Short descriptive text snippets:
===============

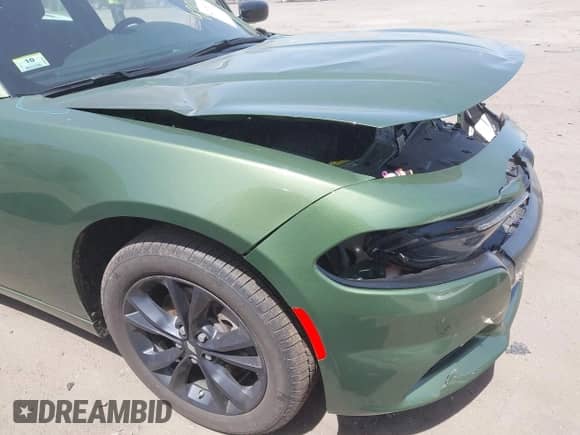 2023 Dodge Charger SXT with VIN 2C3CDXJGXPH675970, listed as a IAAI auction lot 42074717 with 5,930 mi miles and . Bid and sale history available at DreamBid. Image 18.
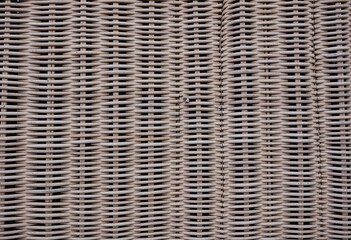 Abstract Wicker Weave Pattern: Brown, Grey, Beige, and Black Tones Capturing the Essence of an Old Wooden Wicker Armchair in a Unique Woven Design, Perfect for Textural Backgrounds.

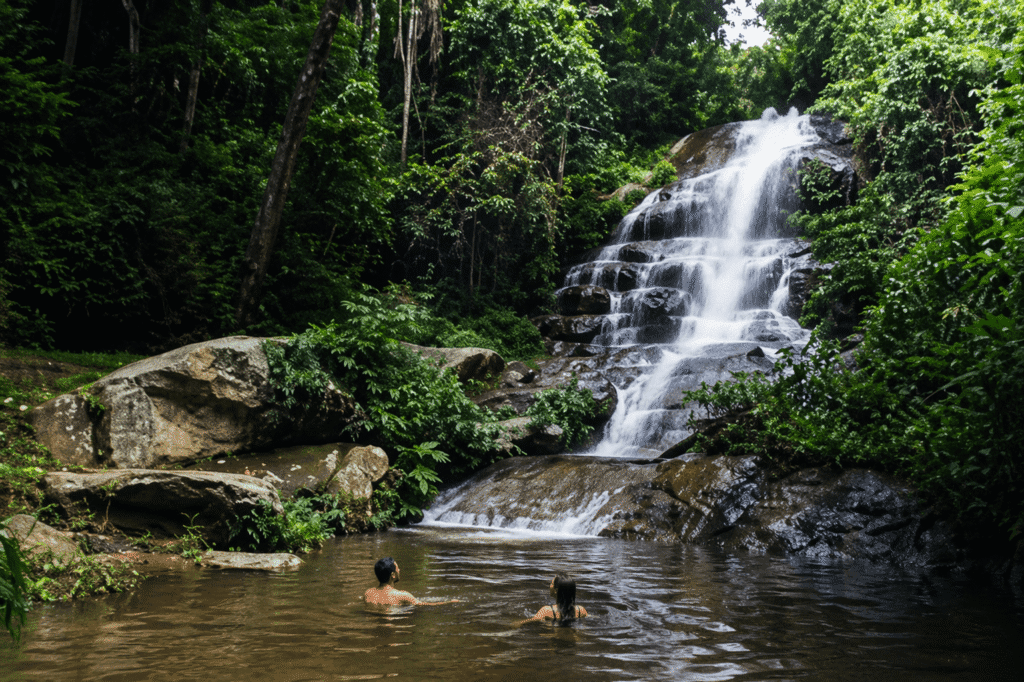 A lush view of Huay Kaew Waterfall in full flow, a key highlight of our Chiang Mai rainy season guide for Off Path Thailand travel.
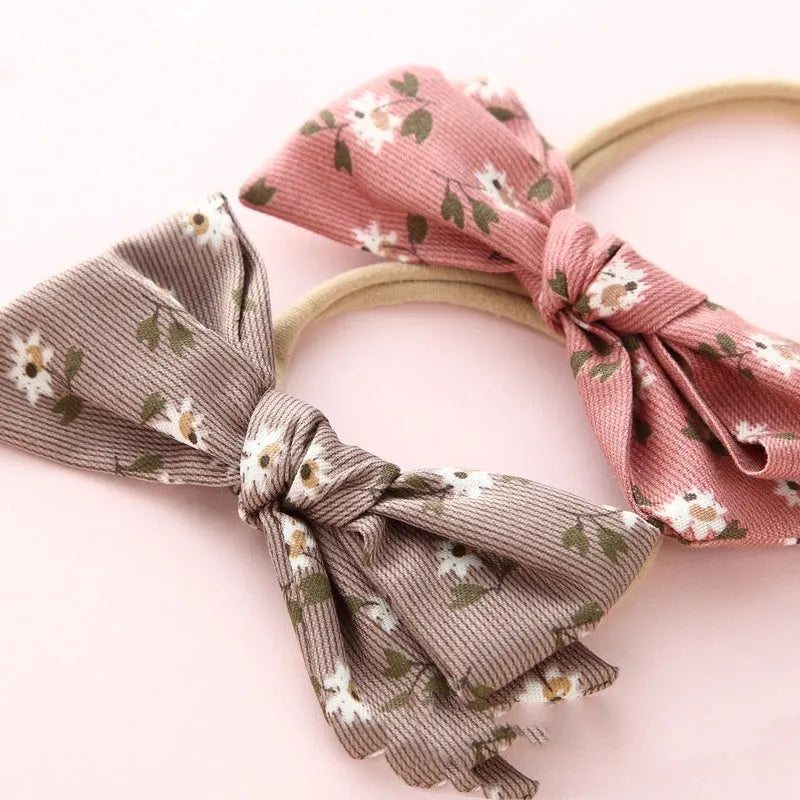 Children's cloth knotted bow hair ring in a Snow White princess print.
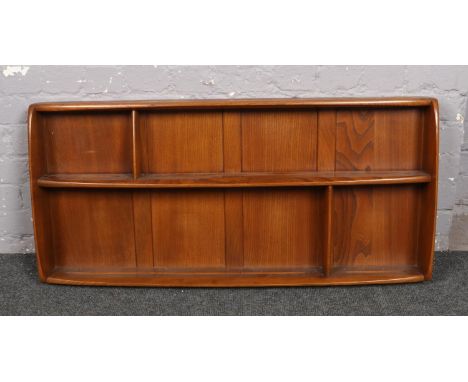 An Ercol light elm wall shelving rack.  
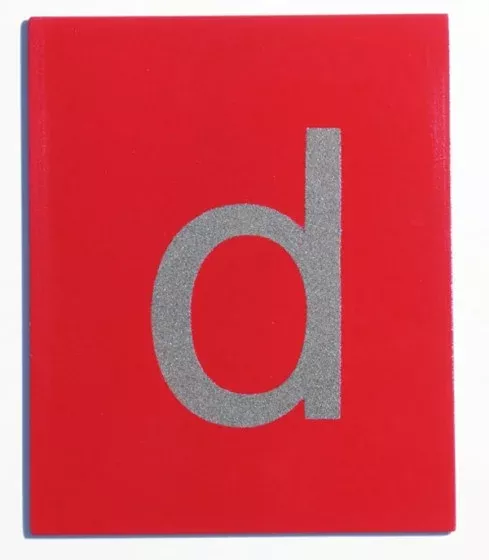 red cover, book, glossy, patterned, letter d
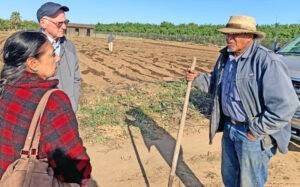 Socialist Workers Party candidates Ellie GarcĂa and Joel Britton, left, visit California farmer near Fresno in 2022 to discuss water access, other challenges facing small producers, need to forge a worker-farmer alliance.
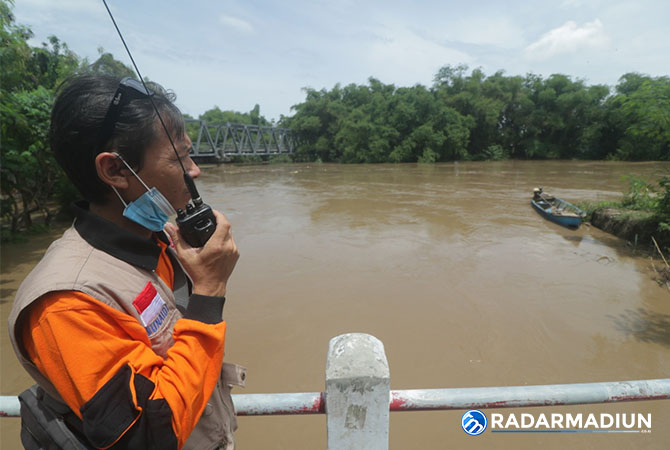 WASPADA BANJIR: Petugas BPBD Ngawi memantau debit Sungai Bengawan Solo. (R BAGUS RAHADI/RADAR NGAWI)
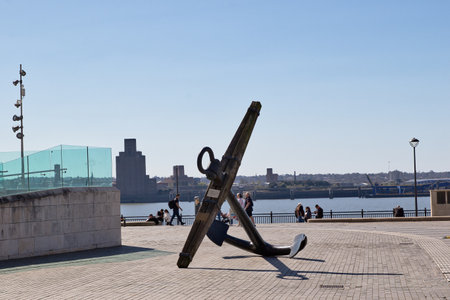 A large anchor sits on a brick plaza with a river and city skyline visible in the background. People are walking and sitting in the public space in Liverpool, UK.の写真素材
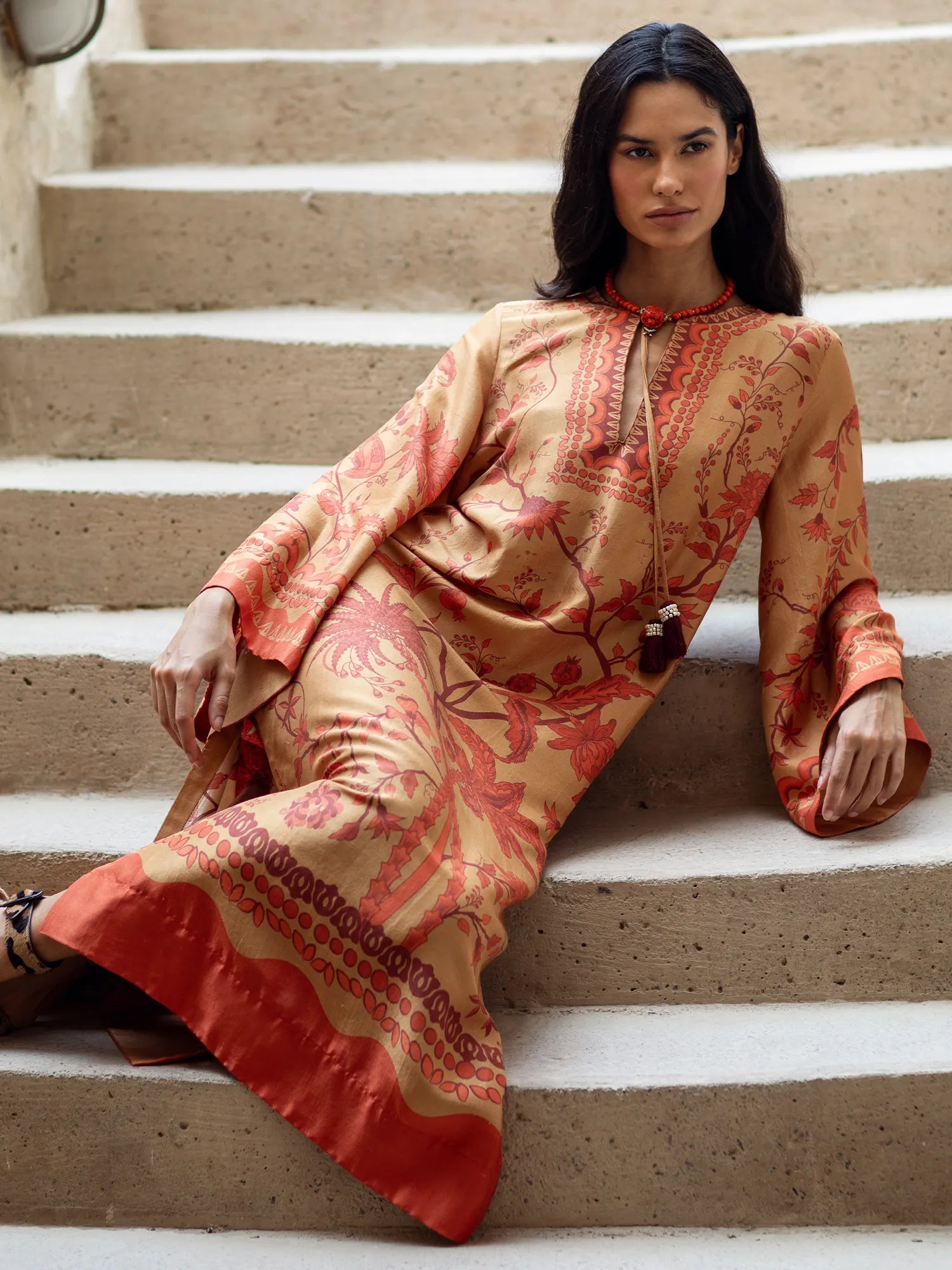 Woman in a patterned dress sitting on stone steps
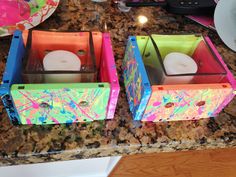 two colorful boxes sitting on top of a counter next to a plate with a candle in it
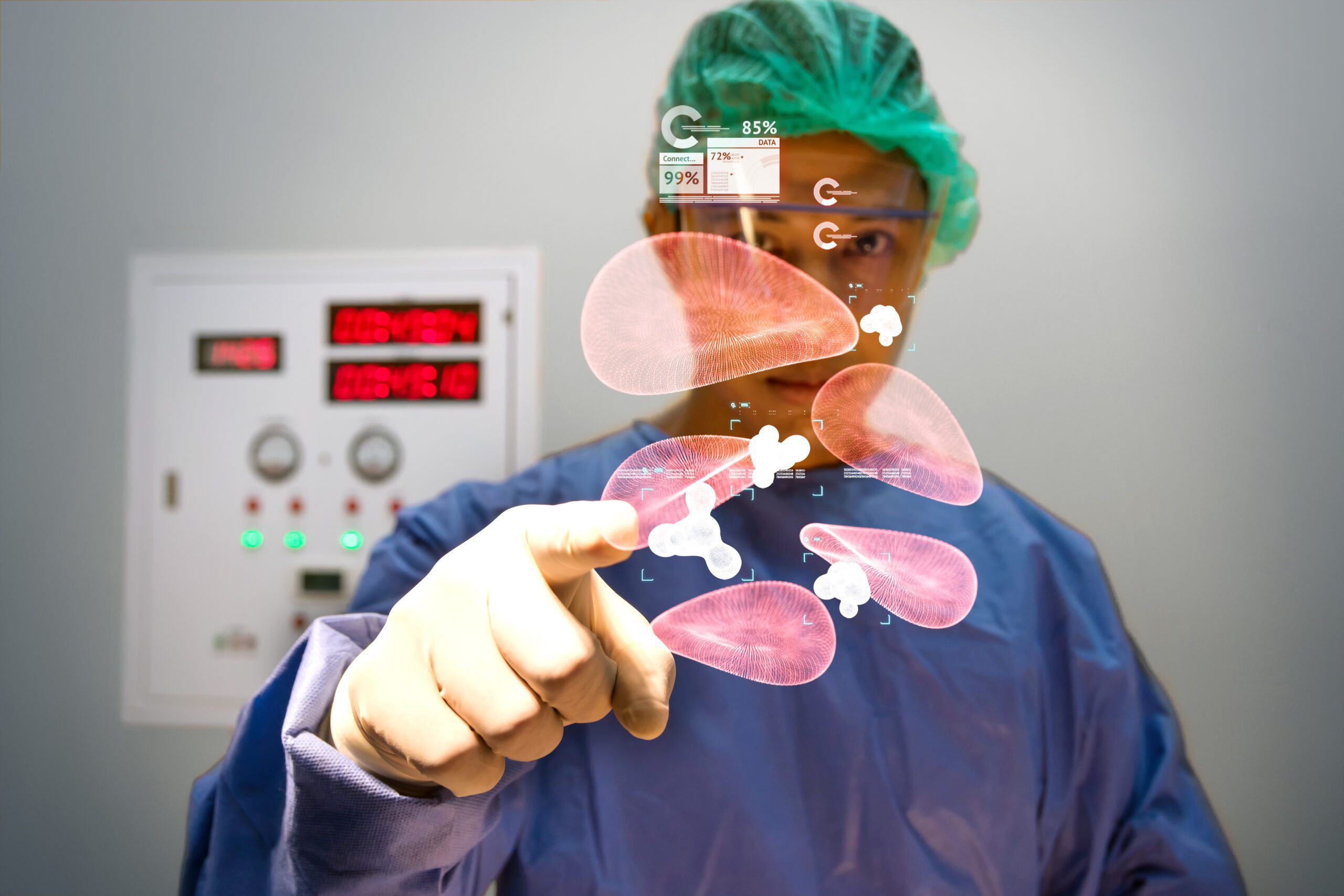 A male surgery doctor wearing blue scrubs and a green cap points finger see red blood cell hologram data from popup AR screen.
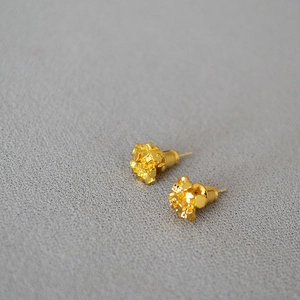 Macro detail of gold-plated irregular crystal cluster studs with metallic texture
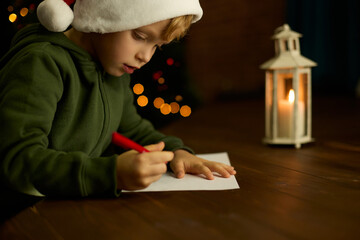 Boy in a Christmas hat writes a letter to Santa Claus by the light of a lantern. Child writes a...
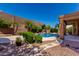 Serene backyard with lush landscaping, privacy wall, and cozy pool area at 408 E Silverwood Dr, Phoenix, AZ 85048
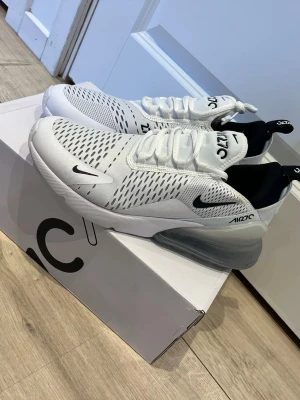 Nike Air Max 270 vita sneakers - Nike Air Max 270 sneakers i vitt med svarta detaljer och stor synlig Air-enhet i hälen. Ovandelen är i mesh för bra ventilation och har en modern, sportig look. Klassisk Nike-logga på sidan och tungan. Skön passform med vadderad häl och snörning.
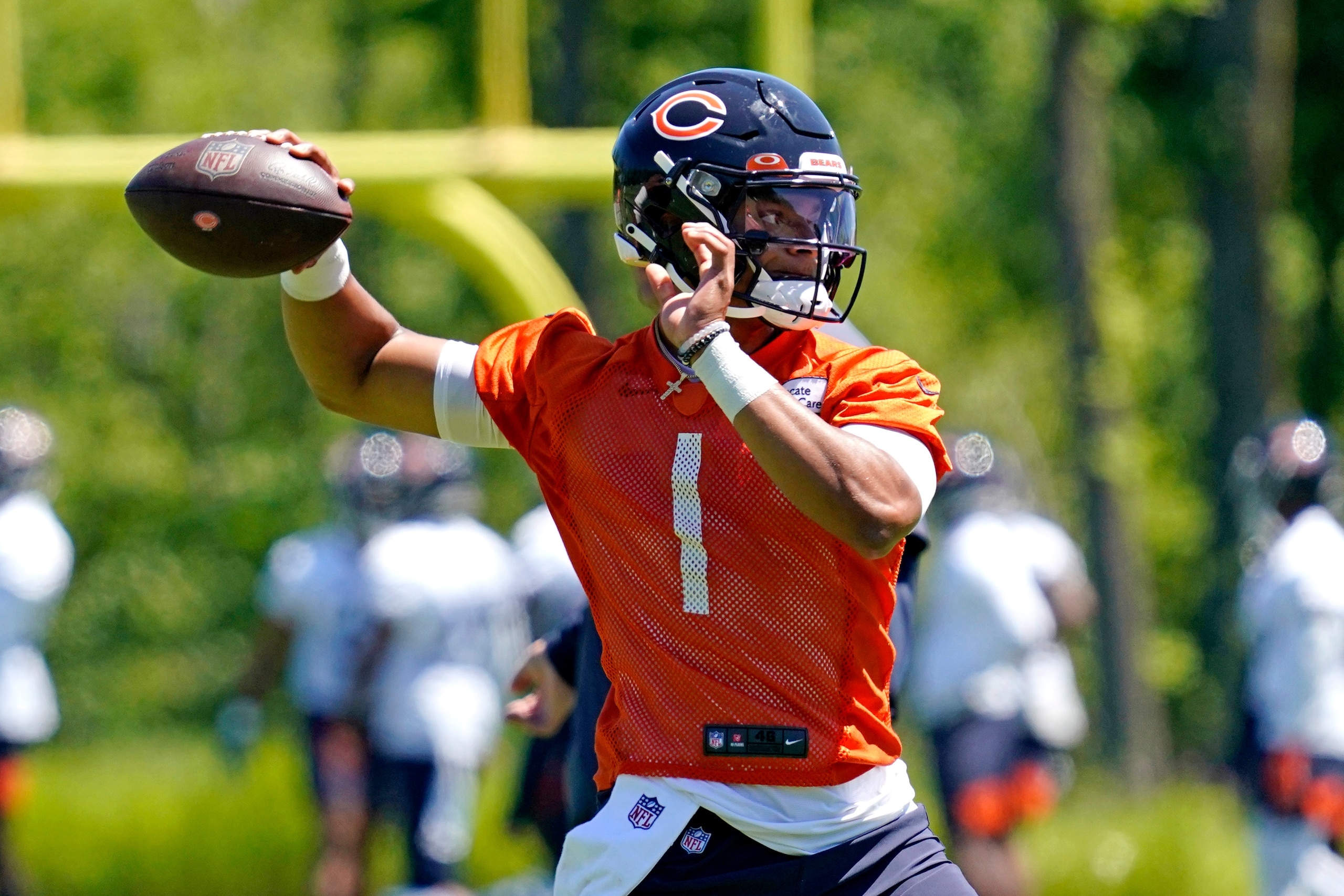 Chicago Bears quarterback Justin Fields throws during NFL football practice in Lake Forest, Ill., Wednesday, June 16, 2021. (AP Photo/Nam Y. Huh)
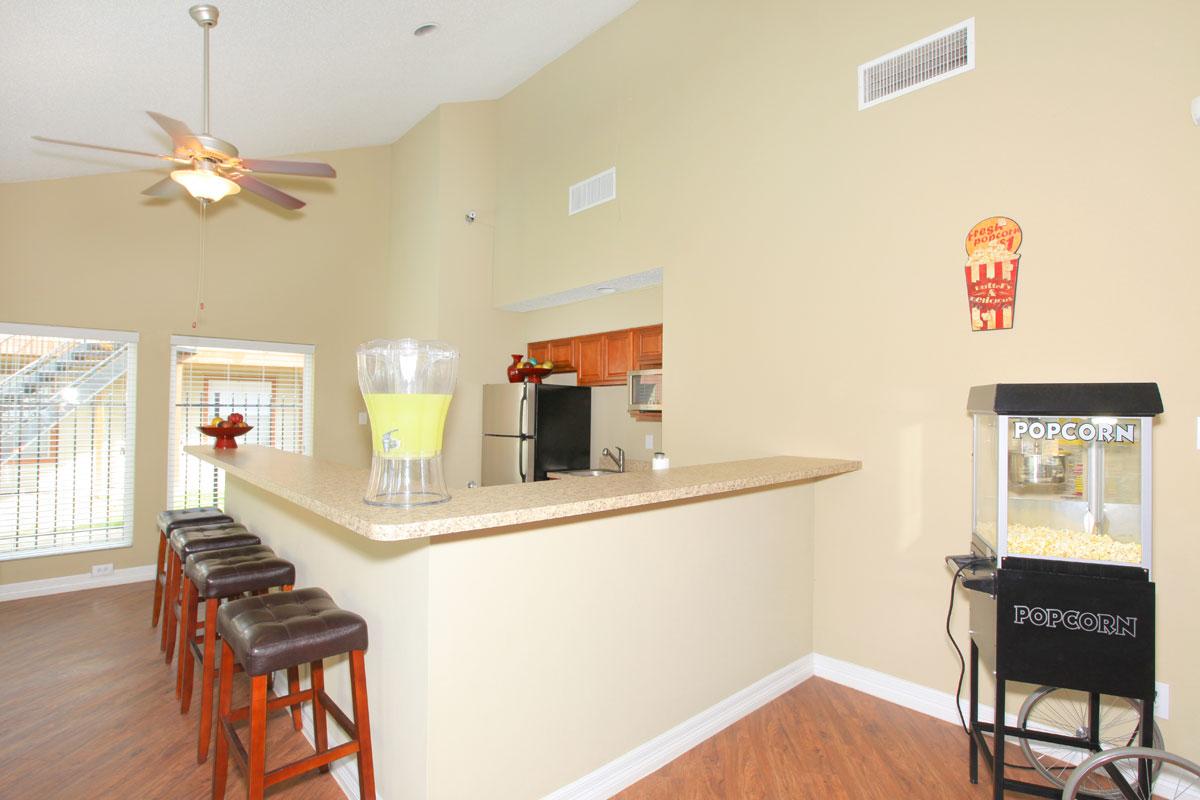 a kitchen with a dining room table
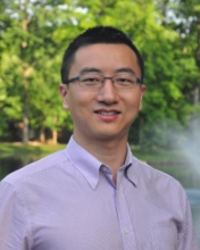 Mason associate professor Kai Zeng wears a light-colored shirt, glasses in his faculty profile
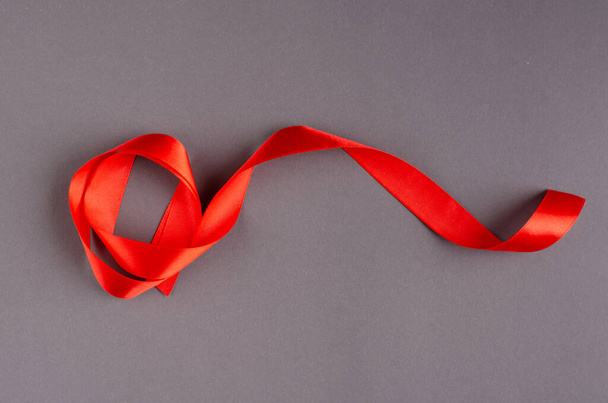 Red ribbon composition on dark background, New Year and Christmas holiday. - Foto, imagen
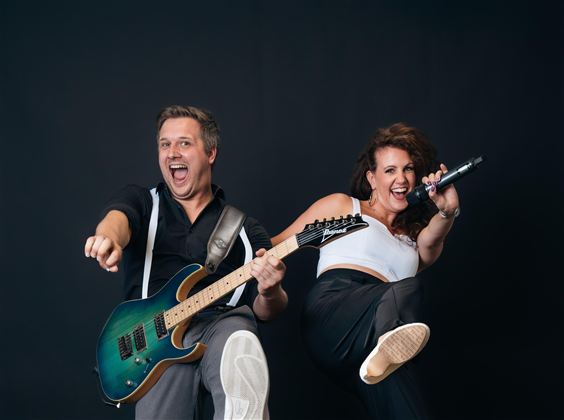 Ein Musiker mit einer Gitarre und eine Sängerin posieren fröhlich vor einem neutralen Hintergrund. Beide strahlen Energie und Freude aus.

===============

Exclude the pictures, and output exactly the lines from the one with "Socialist Workers Party" through the last line of the records, both included.

 Socialist Workers Party candidates Ellie GarcĂa and Joel Britton, left, visit California farmer near Fresno in 2022 to discuss water access, other challenges facing small producers, need to forge a worker-farmer alliance.
 WASPADA BANJIR: Petugas BPBD Ngawi memantau debit Sungai Bengawan Solo. (R BAGUS RAHADI/RADAR NGAWI)
 A large anchor sits on a brick plaza with a river and city skyline visible in the background. People are walking and sitting in the public space in Liverpool, UK.の写真素材
 Woman in a patterned dress sitting on stone steps
 two colorful boxes sitting on top of a counter next to a plate with a candle in it
 A male surgery doctor wearing blue scrubs and a green cap points finger see red blood cell hologram data from popup AR screen.
 Macro detail of gold-plated irregular crystal cluster studs with metallic texture
 Boy in a Christmas hat writes a letter to Santa Claus by the light of a lantern. Child writes a...
 Serene backyard with lush landscaping, privacy wall, and cozy pool area at 408 E Silverwood Dr, Phoenix, AZ 85048
 Nike Air Max 270 vita sneakers - Nike Air Max 270 sneakers i vitt med svarta detaljer och stor synlig Air-enhet i hälen. Ovandelen är i mesh för bra ventilation och har en modern, sportig look. Klassisk Nike-logga på sidan och tungan. Skön passform med vadderad häl och snörning.
 Chicago Bears quarterback Justin Fields throws during NFL football practice in Lake Forest, Ill., Wednesday, June 16, 2021. (AP Photo/Nam Y. Huh)
 a kitchen with a dining room table
 Mason associate professor Kai Zeng wears a light-colored shirt, glasses in his faculty profile
 Red ribbon composition on dark background, New Year and Christmas holiday. - Foto, imagen
 Ein Musiker mit einer Gitarre und eine Sängerin posieren fröhlich vor einem neutralen Hintergrund. Beide strahlen Energie und Freude aus.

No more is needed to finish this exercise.